Motif, penyebab, atau pendorong seseorang untuk melakukan tindakan korupsi sebenarnya bervariasi dan beranekaragam. Akan tetapi, secara umum dapat dirumuskan, bahwa tindakan korupsi dilakukan dengan tujuan mendapat keuntungan pribadi, keluarga, kelompok, golongannya sendiri. Dengan mendasarkan pada motif keuntungan pribadi atau golongan ini, dapatlah dipahami jika korupsi terdapat dimana-mana dan terjadi kapan saja karena masalah korupsi selalu terkait dengan motif yang ada pada tiap insan manusia untuk mendapatkan keuntungan pribadi atau golongannya.
Cara yang ditempuh menurut norma-norma yang berlaku merupakan usaha yang bersifat halal dan ridha.

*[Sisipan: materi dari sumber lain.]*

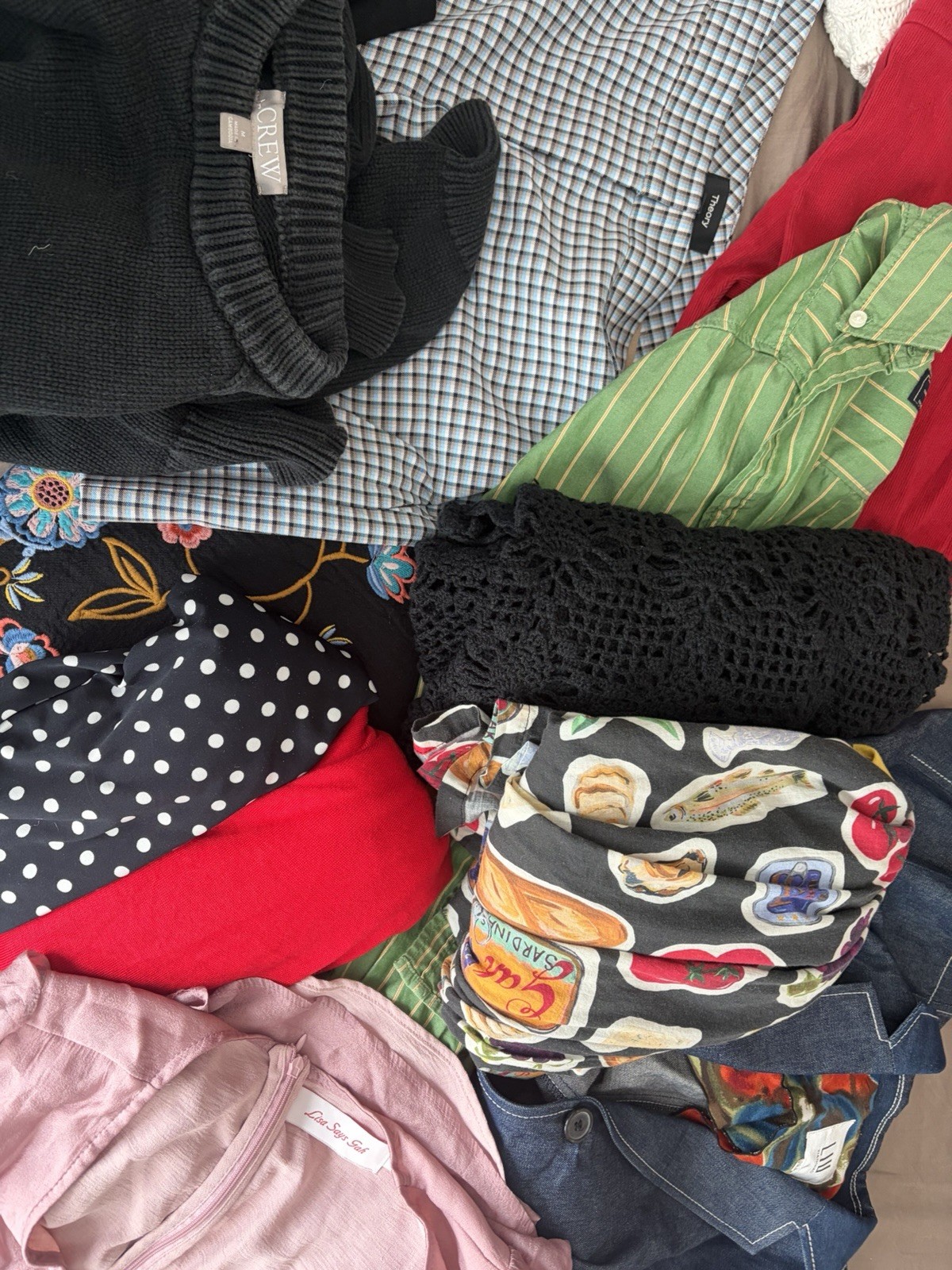 Women’s clothing lot (all sized medium or small) some y2k and vintage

Cara korupsi yang dilakukan untuk mendapatkan keuntungan tidak mengikuti dan didasari norma-norma yang berlaku, jelas bahwa hal ini tidak halal dan tidak diridhai. Apabila tindakan atau usaha ini dilakukan dengan penggunaan dan atau penyalahgunaan kekuasaan atau wewenang atau kesempatan kerja dengan persyaratan seperti dirumuskan dalam pengertian kerja, usaha ini dikategorikan tindakan korupsi.
Banyak faktor yang mempengaruhi motif untuk melakukan tindakan korupsi yang menginginkan keuntungan pribadi atau golongan. Menurut komisi IV, terdapat tiga indikasi yang menyebabkan meluasnya korupsi di Indonesia, yakni.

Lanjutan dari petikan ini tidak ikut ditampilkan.